The latest example comes from Patrick Ruffini, who has a column up Hugh Hewitt’s blog discussing what he thinks libertarianism’s future is all about:
Assuming Paul loses, where does small-l libertarianism go from here? His movement already did the smart thing by making peace with social conservatism. Libertarianism is no longer aligned with libertine stances on abortion and gay rights.
To become the ascendant ideology within the GOP, I suspect they’ll have to find a way to do the same thing on national security. The war on terror writ large is the one big thing social and economic conservatives agree on, and Ron Paul is vocally aligned against both.
Mainstream Republican libertarians might be gung-ho for Paul’s small-government idealism, they might adopt Glenn Reynoldsish skepticism of the homeland security bureaucracy, and even John McCain has lately made a thing of ripping the military-industrial complex, but there is no way — I repeat NO WAY — they will embrace Ron Paul if he continues to blame America for 9/11 and imply that America is acting illegally in defending itself around the globe. Even if they aren’t the biggest fans of the war, most people that are available for Ron Paul on the right are by temperament patriotic and will never vote for someone who sounds like Noam Chomsky.
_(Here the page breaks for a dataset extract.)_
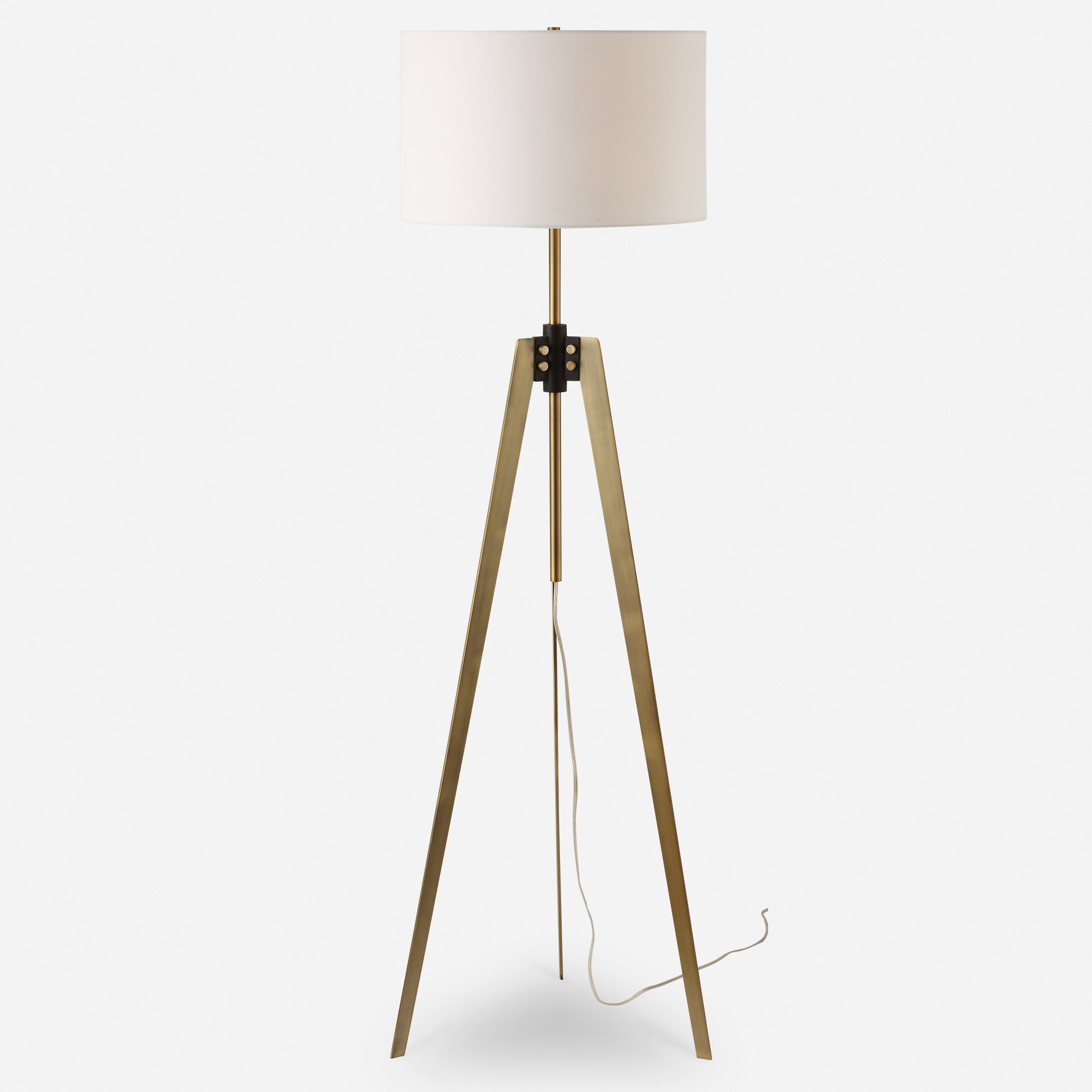 Anchorage 63.5 inch 150.00 watt Antique Brass and Black Floor Lamp Portable Light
When he’s analyzing elections, Ruffini is top-notch, but he’s also a conservative so it’s understandable that he’d be under the mistaken impression that just because Ron Paul opposes abortion rights and thinks that states should have the right to ban gay marriage that libertarians as a group have suddenly adopted the social conservative gospel on either of those issue. If he paid more attention to libertarians than he apparently has before Ron Paul ran for President, Ruffini would know that his positions on abortion and gay rights are not shared by most other people who call themselves libertarians.
In Ruffini’s mind, then, Ron Paul has succeeded because he melded libertarianism with social conservatism. Therefore, he seems to argue, if libertarians really want to succeed, they should adopt neo-conservative foreign policy.
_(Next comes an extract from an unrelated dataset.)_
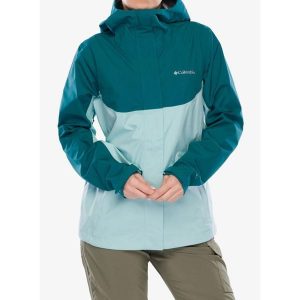 Kurtka przeciwdeszczowa damska Columbia Wahkeena Falls 3L Shell. Zielone kurtki Columbia, l, bez wzorów, bez kaptura. Za 576,99 zł.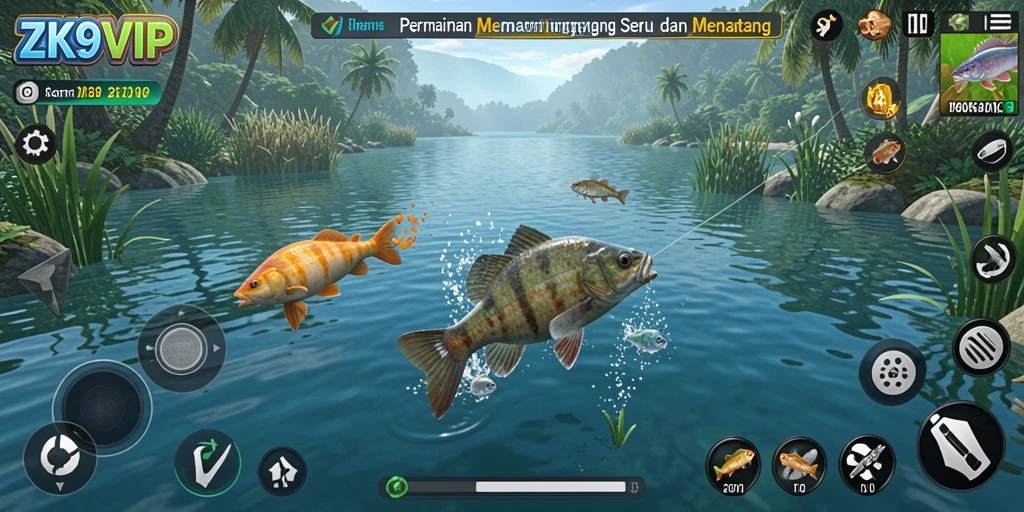 Tampilan menarik dari gameplay <strong>ZK9VIP</strong> saat menangkap ikan.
But then it really wouldn’t be libertarianism would it ?
Libertarians can and do disagree on foreign policy issues, and there’s been more than enough criticism of what sometimes seems like a naive view of Islamic terrorism that comes from some corners of the movement. And there is plenty of disagreement with the idea that the United States should withdraw inside its borders and not worry about any nation that can’t directly strike us. But there’s absolutely nothing that neo-conservatives who think that invading Iraq was a good idea, even if it was badly executed, can offer that would be of value to libertarianism.
So what would Ruffini define as libertarianism ?
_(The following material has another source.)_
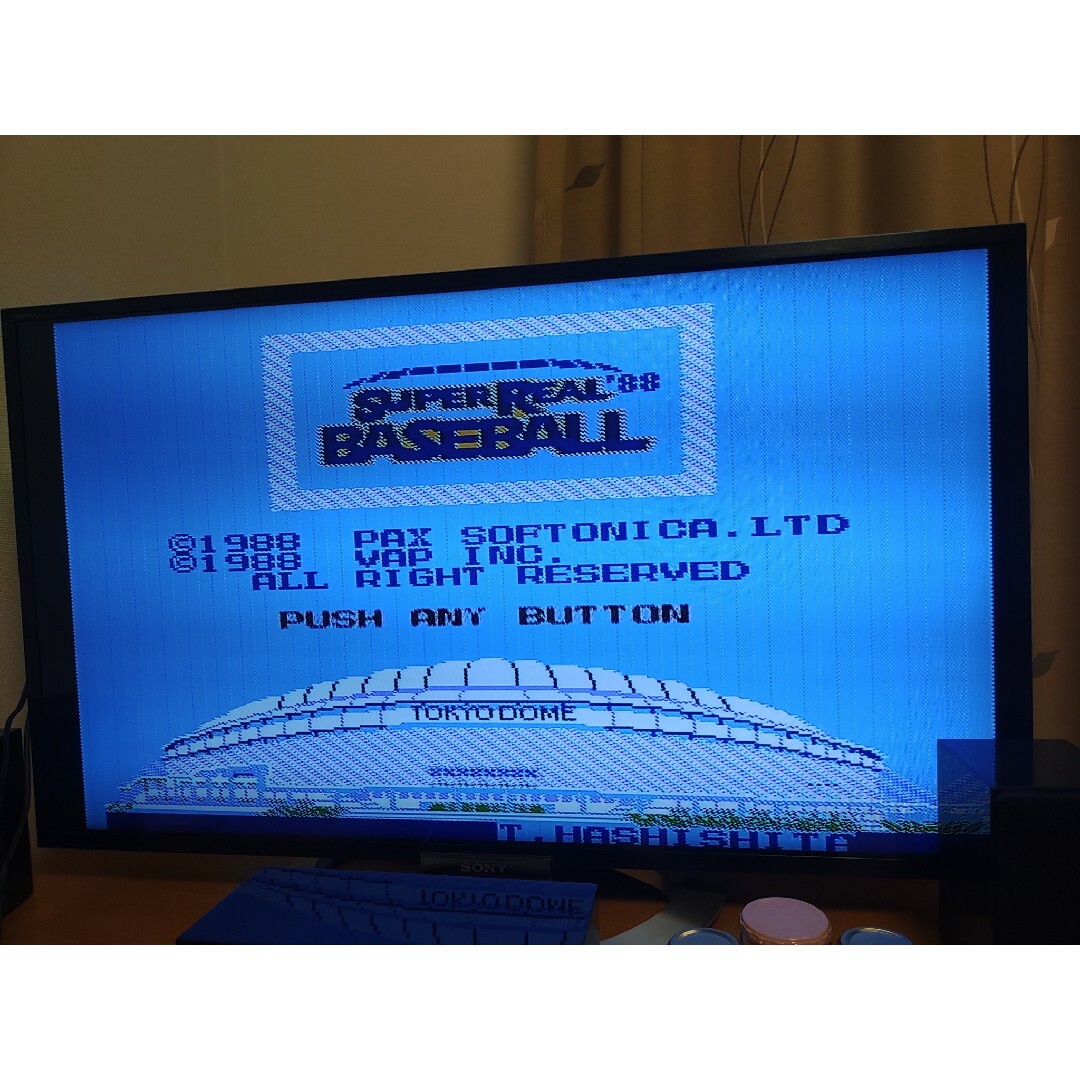 ファミリーコンピュータ(ファミリーコンピュータ)のバップ　ファミコン　スーパーリアルベースボール'88（箱・説明書・耳あり・良品） エンタメ/ホビーのゲームソフト/ゲーム機本体(家庭用ゲームソフト)の商品写真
As someone who routinely called myself a libertarian prior to 9/11, here’s how I would square the circle: Absolute freedom within our borders, for our own citizens; eternal vigilance and (when necessary) ruthlessness abroad. For libertarian ideals to survive, they must be relentlessly defended against the likes of Islamic extremists
On some level, this almost sounds appealing. Absolute freedom at home ? Sounds good to mean. Eternal vigilance and ruthlessness in the face of our enemies ? Sounds fine too.
The problem comes when you remember that the “absolute freedom” that Ruffini talks about is tempered by social conservative and Christianist restrictions on personal liberty for those deemed to be engaging in “unacceptable” behavior and that our experiences since 9/11 have indicated that the price of vigilance all too often includes unacceptable intrusions into the civil liberties of American citizens and that ruthlessness often includes the use of methods of torture that one would have thought the civilized world had left behind long ago.
Ruffini is right that the American public may well react negatively to someone who says that the United States is to blame for 9/11. Additionally, opinion polls consistently show that the American public has a different view of the War on Terror than they do of the Iraq War.
But opposition to the Iraq War doesn’t necessarily equate to adoption of the foreign policy views of the guys over at LewRockwell.com, and there’s no need for libertarians to turn into Norman Podhoretz for the sake of winning elections.